Having recognised that I had attempted to rescue my friend and had taken on a dousing of her state, my duty to myself and to her now is to bring my body back into a quality of order and wholesomeness that is its natural, and preferred way. Simple food, the honouring of timely sleep, delicacy and grace in movement, observation of the breath such that it is, at the very least, gentle . . . This is the real ‘salvation’ of her and myself equally. Her emotions have no place in me – and holding on to her state, whilst it might alleviate some tension, does nothing to help her realise that she has far more say in the matter than she has given herself credit for to date.

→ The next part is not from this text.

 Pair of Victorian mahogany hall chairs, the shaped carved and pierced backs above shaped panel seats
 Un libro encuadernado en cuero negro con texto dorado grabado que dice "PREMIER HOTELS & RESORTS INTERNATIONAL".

We could say this is part of the life-savers adage, to ‘save yourself first’. Although this line has a sprinkling of truth to it, it is not the whole truth.
The fact is that we are not here to rescue by sacrifice, nor to neglect each other with indifference borne of armour over old wounds. We are here to be the Living Way of love, and this calls us to a level of attentiveness to the details of life, not to ‘save ourselves’, but to dive into and hence draw deeply from the riches of the innermost of our being – that which is accessed by our consciously developed presence and stillness.
We are here to ‘observe and not absorb’ (Serge Benhayon).
It has already been stated that observation is powerful beyond human reckoning. This cannot be proven in words, but offered by experience, and as such recommended to anyone sick of the constant strain and strife of the emotionally charged life-saving way of being. At some point we all realise that life-saving people from their constant dilemmas ultimately does not work. How many people need to be rescued over and over again (and this might be a sobering moment if we are the perpetual ‘rescuee’), never learning, never gaining insight, never adjusting their participation in the things that hurt them?
Observation is the only true answer, its razor-sharp love cutting through those tangled binds that seem to hold us together only by desperation and need – and false ideas of ‘what love is’. It holds the observed one as the might and strength of an essence they have simply neglected to make the source of their life’s way. It holds the observer in the same and equal quality – the beholder of their own essence as they behold the other so. Thus the two become One – not in wretched need and the inequality that ensues – but in the simplicity that we are all of the One Soul.
Had I done this, what then would I have offered my friend? Certainly not a partially thrown life-saving ring and a friend caught in a matching state of emotionality – rather she would have felt a deep pool of grace and the inspiration to draw from her own, should she be willing to embrace her own untapped depths of presence and stillness.
The lifesaver ultimately saves no one, for this is not what we are here to do. We are here to live the preciousness of our own essence, as uncorrupted as can be in a world made to corrupt us with its manner of emotionally binding, co-dependent existence. We are here to allow each other the steady grace of true recovery, to responsibly face the choices we have made and regather ourselves by the way we live and breathe. Offer each other this and genuine salvation by self-realised empowerment becomes not just a possibility, but a reality.